Really you used a call? How does it work? In all honesty if it really worked i think it would something to pass the time in the deer stand in the morning.


----------



## Cyrus (Nov 24, 2003)

Bobm said:


> pheasant calls work well, they will often crow back at you, then the fun begins


I bought one years ago and never used it. I don't think I have ever had it out of the box. I always thought it was just a hawk sound to make them hold better. If I can find it I think I will take it out in the field next time and see what happens. If nothing else I can annoy the dog :lol:


----------



## get the net (Oct 28, 2004)

Have one, son is better on it than I am. You can use it to get a rooster to cackle back early morning giving his position away. Had an old friend that could make the cackle with his voice, saw him call several roosters right out of the thick stuff.


----------



## Bobm (Aug 26, 2003)

I've used one a lot, I used to bowhunt pheasants when I was a kid in the county next to Milwaukee no guns were allowed and the roosters were gullible. I got a lot of shots and actually hit one once in a while.

The problem in North Dakota would be the wind it would probably only work at dawn or dusk when the wind is died down


----------



## BIRDSHOOTER (Jul 18, 2005)

It is designed as a locator call. To get the cocks to crow back to give their location. I have one that I played around with for a while. Early morning seemed to work best. Not sure it every gave me any advantages though, I always started hunting the land I intended to that day regardless. :huh:


----------



## WingedShooter7 (Oct 28, 2005)

yeah i got 2 dozen rooster silos and 3 dozen hen silos ummm couple mojo roosters and 1 mojo hen. Just like hunting geese start calling then pound em. :lol:

No but seroiusly i think the call would work in certain situations.


----------



## BIRDSHOOTER (Jul 18, 2005)

WingedShooter7 said:


> yeah i got 2 dozen rooster silos and 3 dozen hen silos ummm couple mojo roosters and 1 mojo hen.
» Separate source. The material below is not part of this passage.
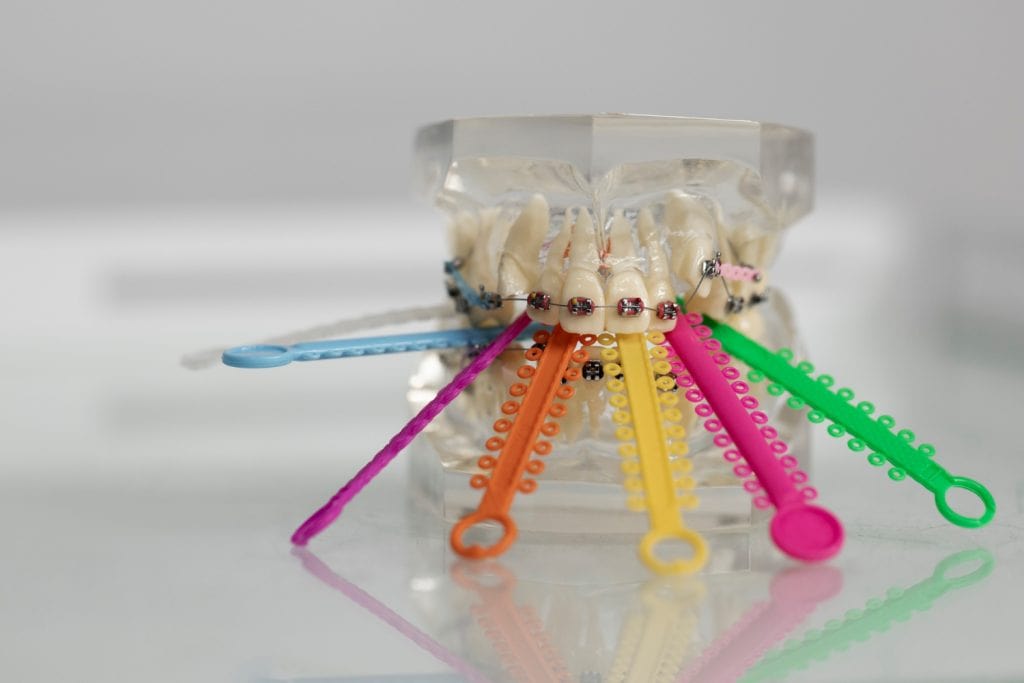 Colorful orthodontic braces on dental model for teeth alignment and braces treatment at Ludhiana Dental Centre.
Just like hunting geese start calling then pound em. :lol:


Wingedshooter.... you may be on to something here, or your ON something !!  :splat:


----------



## DJRooster (Nov 4, 2002)

The only time a rooster call works is when you want the guy next to you to jump out of his boots!! You kind of work your way over by him and sneak up right behind him and let out a hell of a cackle and he will jump out of his boots everytime. I had one and believe me it works!!


----------



## WingedShooter7 (Oct 28, 2005)

good one birdshooter lol NO im not on anythign


----------